---------- RECORDS SUPPLIED

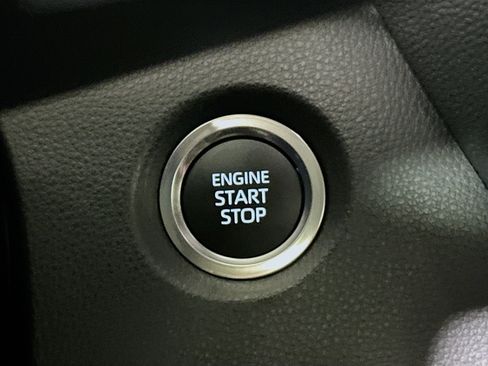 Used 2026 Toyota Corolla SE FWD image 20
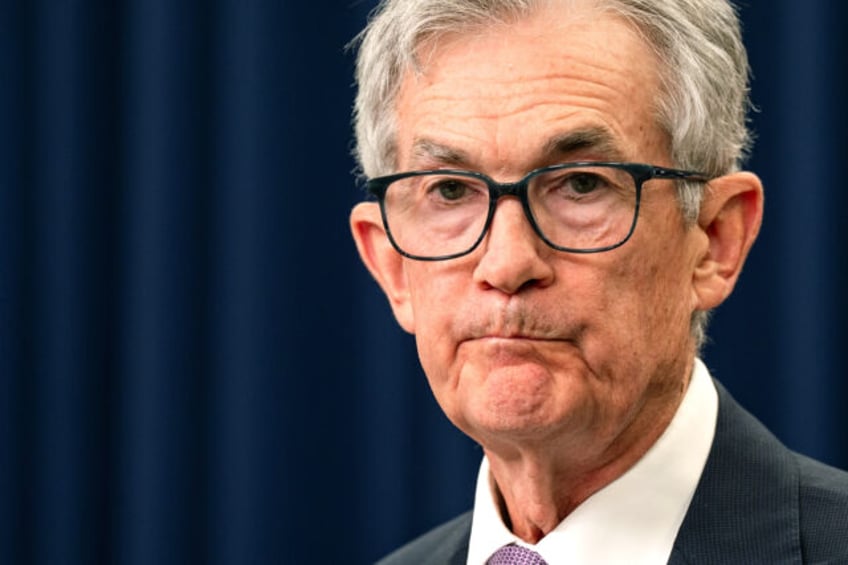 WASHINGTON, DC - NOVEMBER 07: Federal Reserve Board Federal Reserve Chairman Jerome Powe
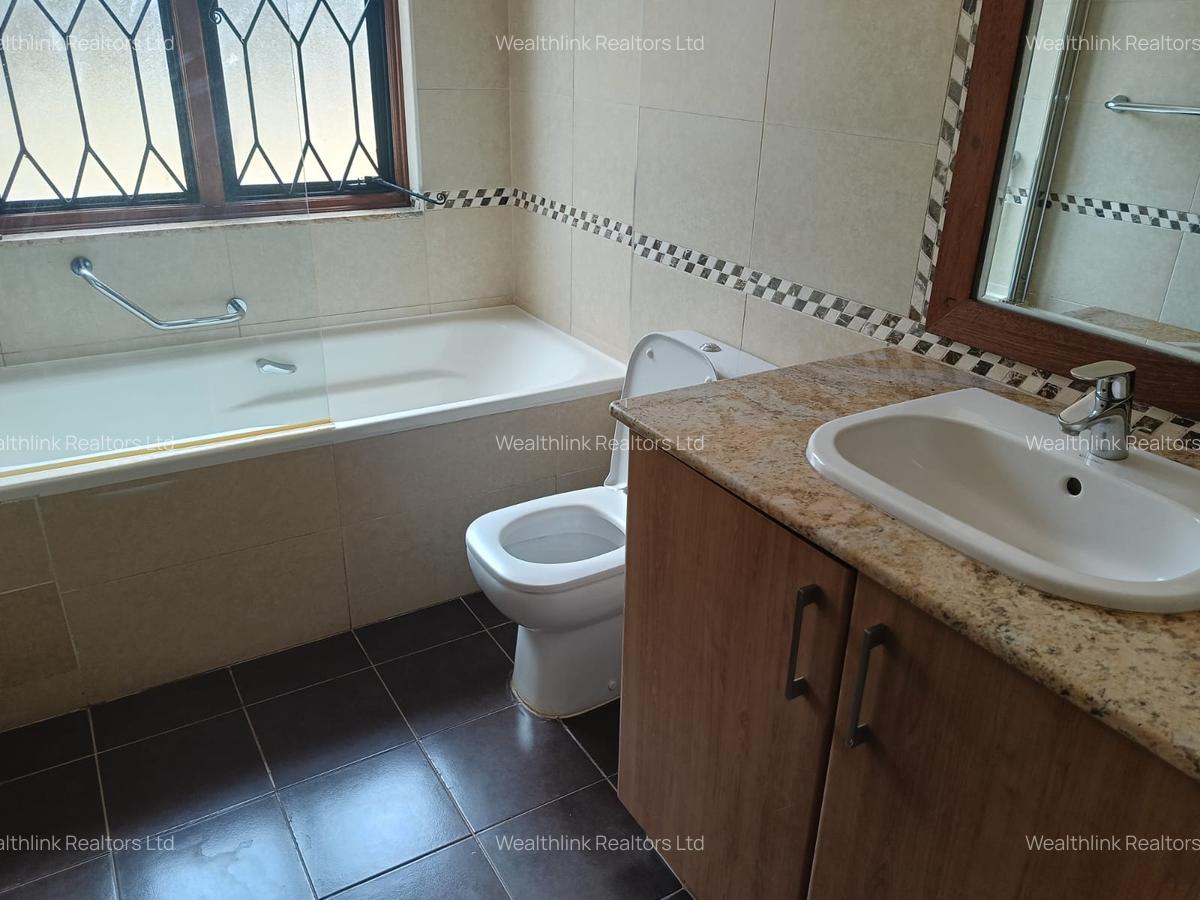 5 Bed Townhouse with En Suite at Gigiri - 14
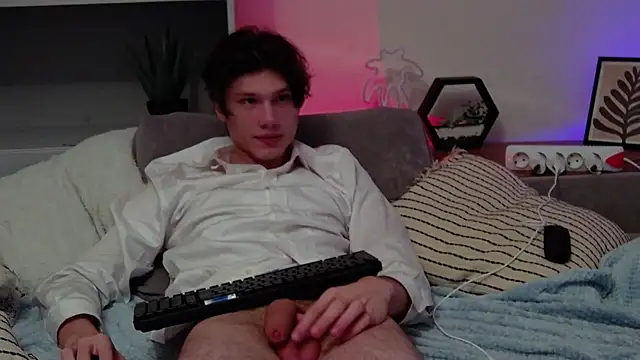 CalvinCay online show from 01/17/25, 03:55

--------------------
---------- RECORDS SUPPLIED

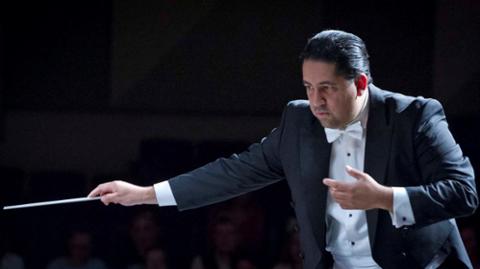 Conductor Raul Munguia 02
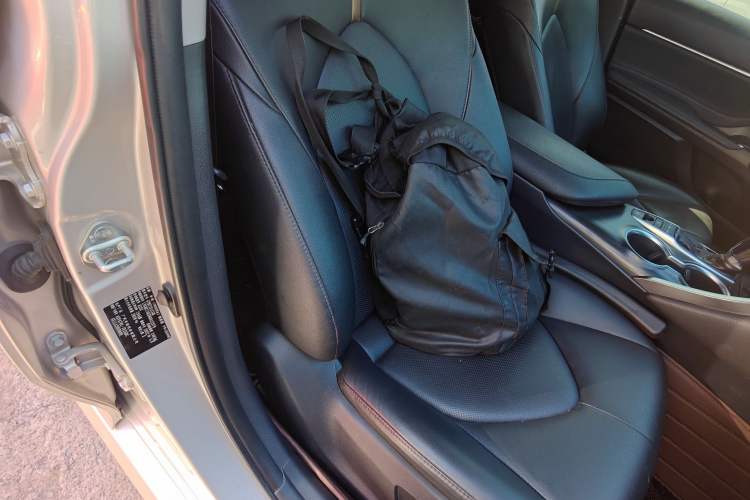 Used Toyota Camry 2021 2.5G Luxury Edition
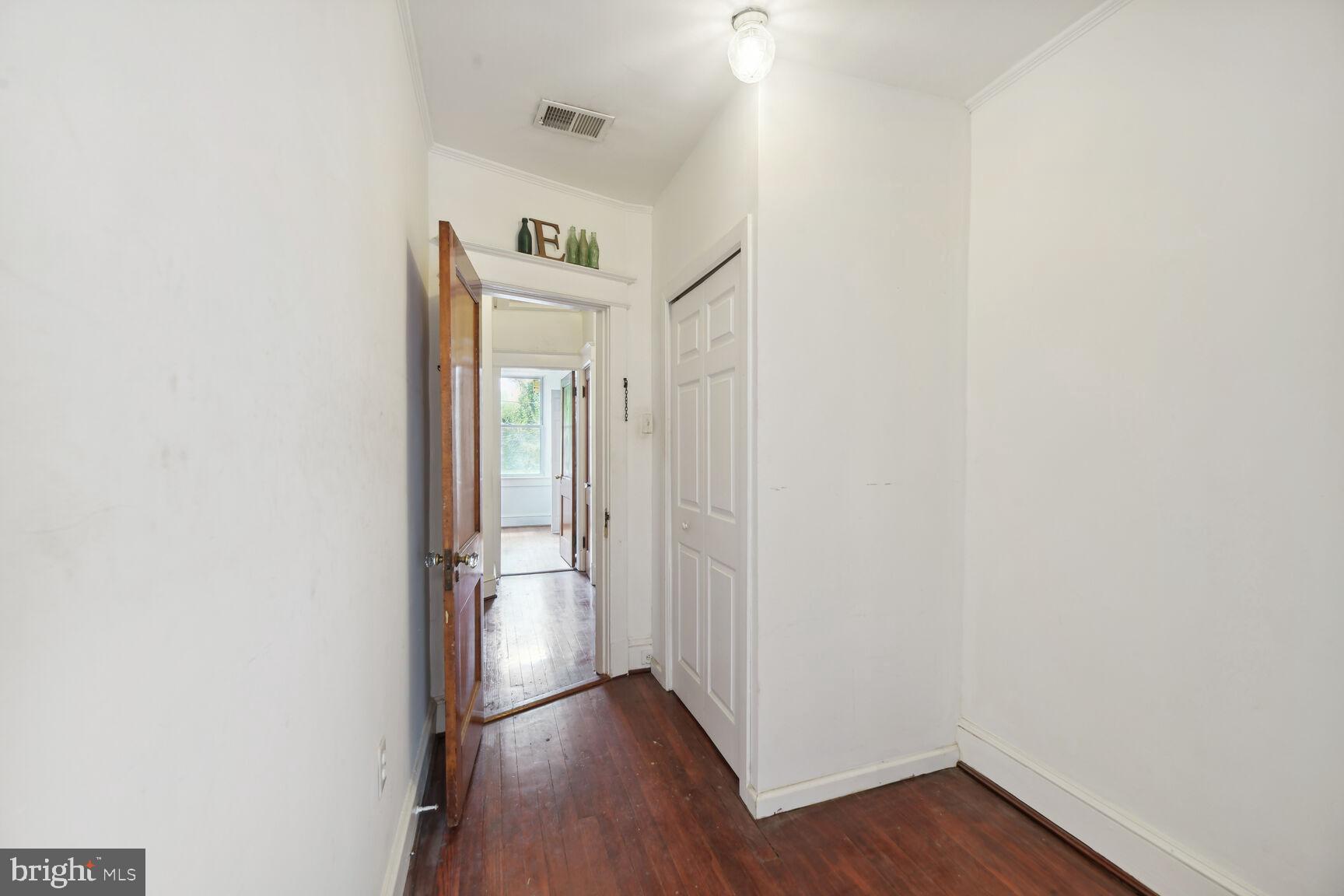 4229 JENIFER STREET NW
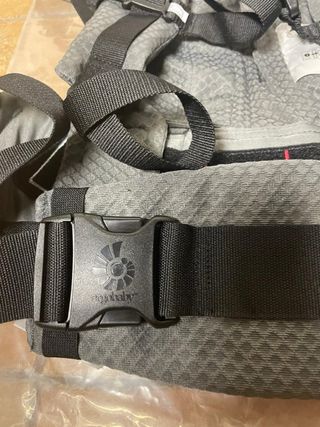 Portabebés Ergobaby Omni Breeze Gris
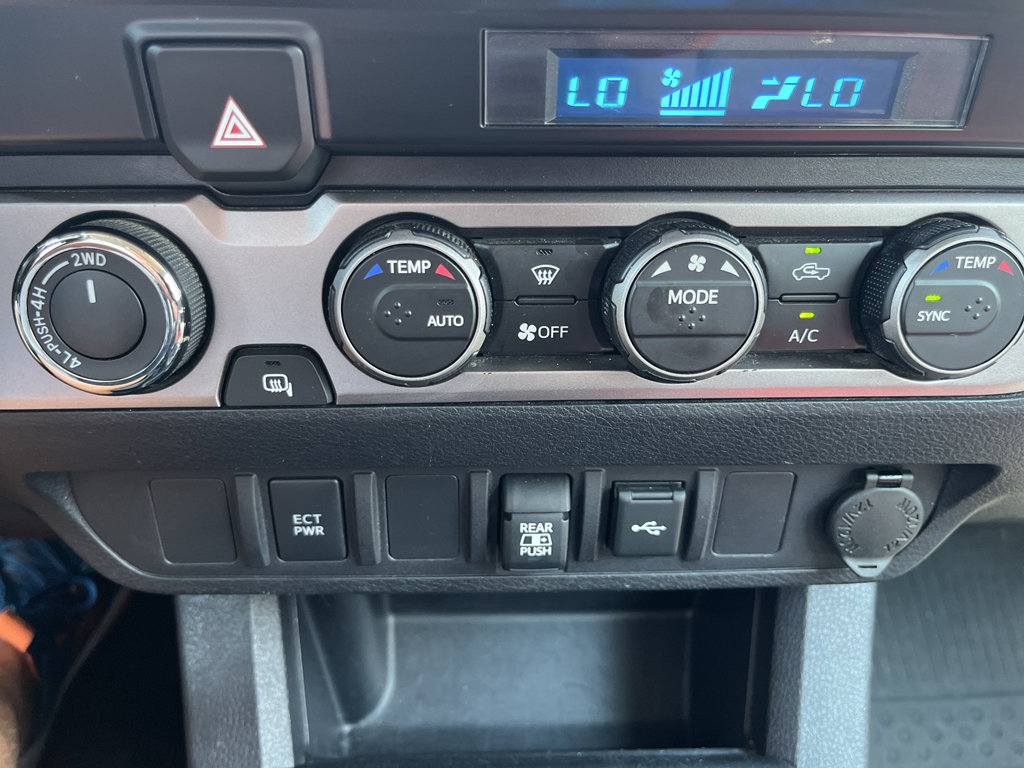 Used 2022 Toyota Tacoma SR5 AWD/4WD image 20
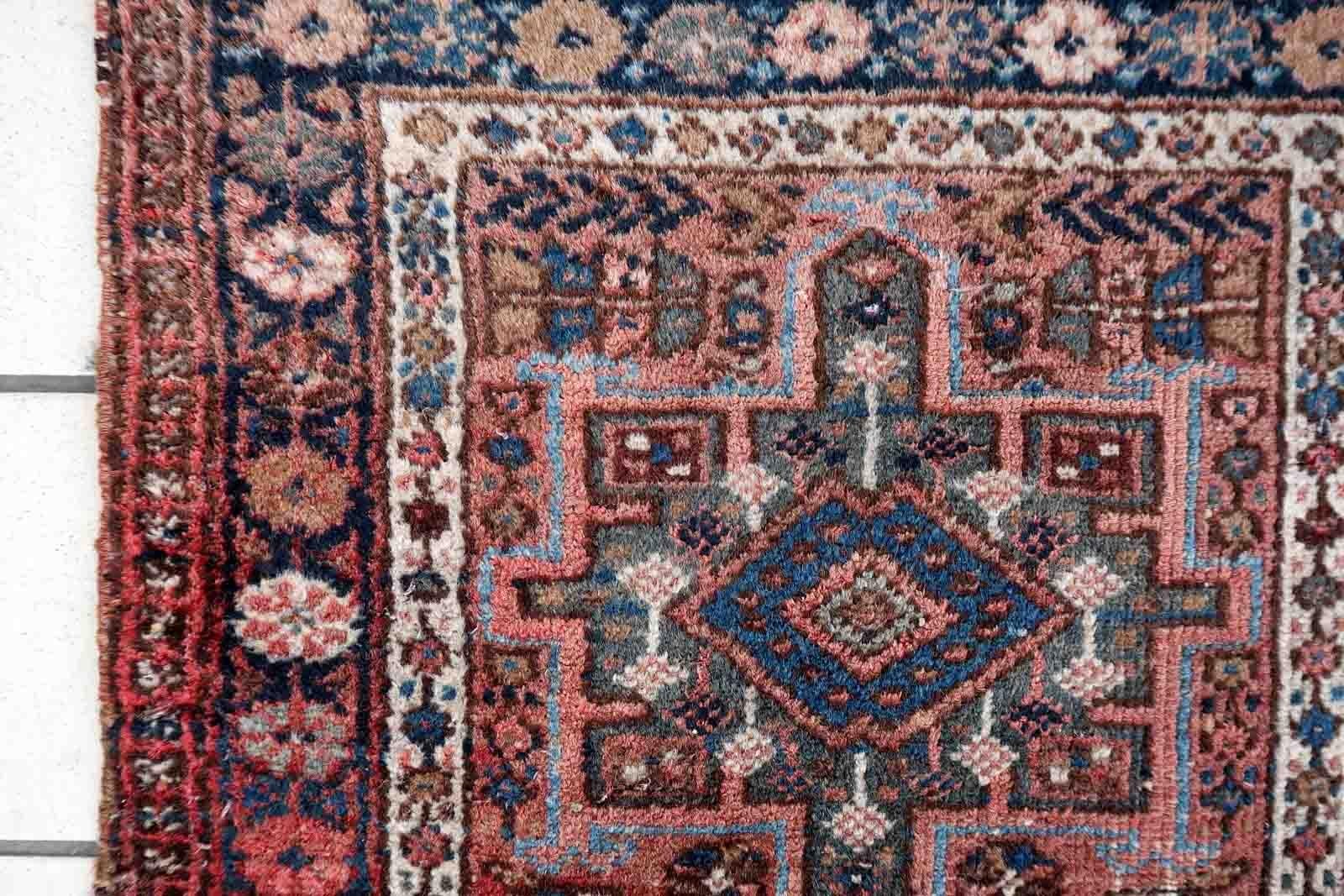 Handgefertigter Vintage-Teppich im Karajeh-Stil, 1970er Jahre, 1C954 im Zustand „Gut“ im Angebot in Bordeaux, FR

--------------------
---------- RECORDS SUPPLIED

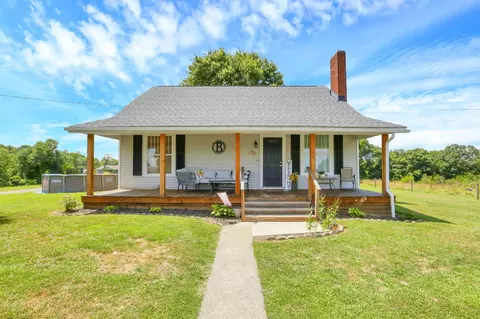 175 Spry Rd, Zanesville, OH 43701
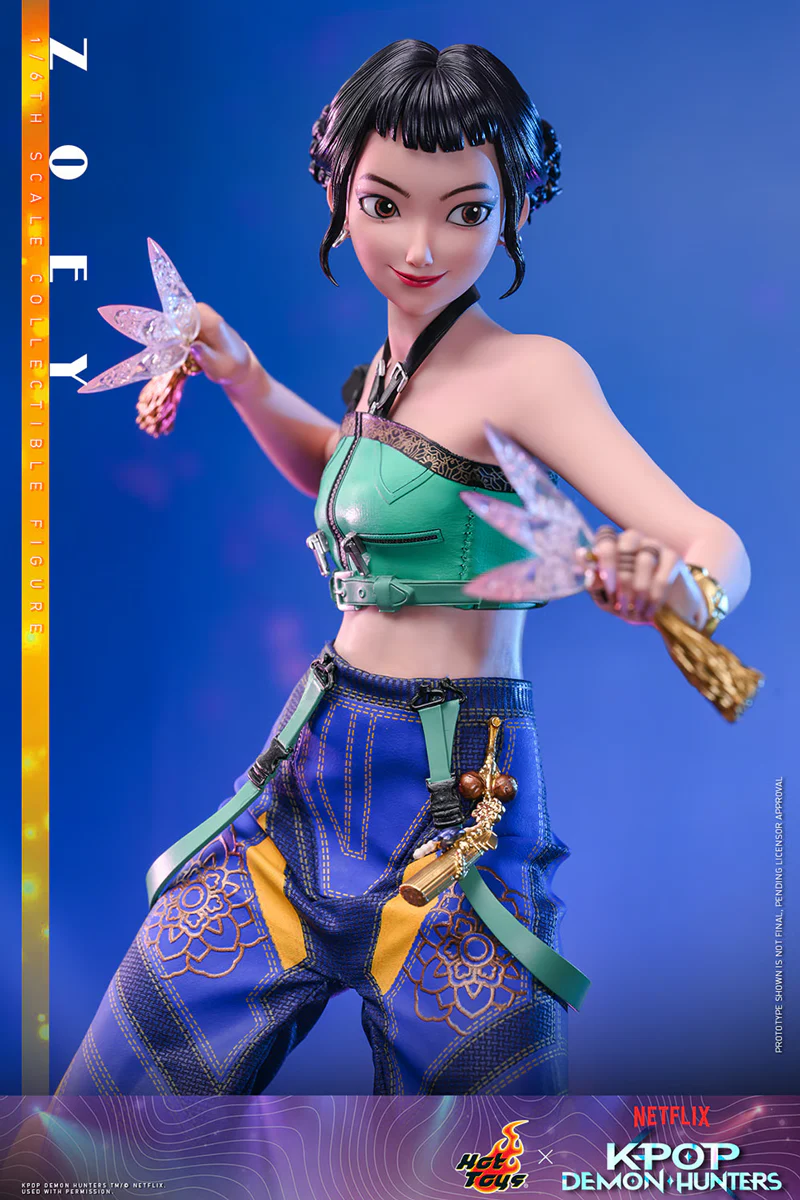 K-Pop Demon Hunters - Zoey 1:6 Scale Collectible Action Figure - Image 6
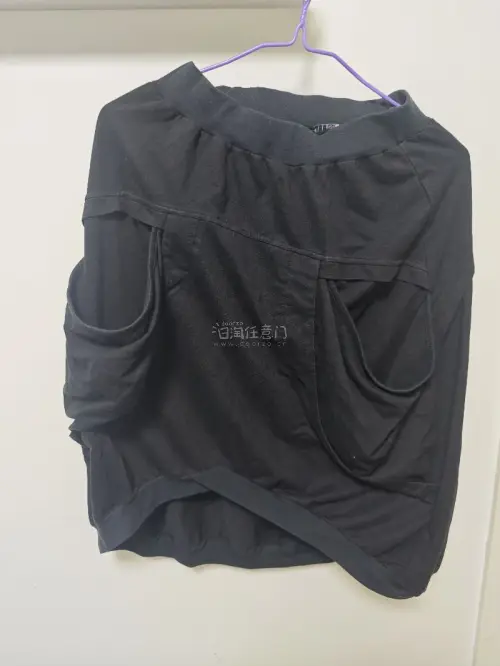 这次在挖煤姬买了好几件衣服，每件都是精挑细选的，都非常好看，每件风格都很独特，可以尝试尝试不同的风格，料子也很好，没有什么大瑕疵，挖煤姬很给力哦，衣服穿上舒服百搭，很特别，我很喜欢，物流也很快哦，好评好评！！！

--------------------

**TASK INSTRUCTIONS**
Copy exactly, without pictures, the lines above from the one with "Portabebés Ergobaby Omni Breeze Gris" down to the one with "Handgefertigter Vintage-Teppich im", inclusive.

**ANSWER FOR THIS EXERCISE**
 Portabebés Ergobaby Omni Breeze Gris
 Used 2022 Toyota Tacoma SR5 AWD/4WD image 20
 Handgefertigter Vintage-Teppich im Karajeh-Stil, 1970er Jahre, 1C954 im Zustand „Gut“ im Angebot in Bordeaux, FR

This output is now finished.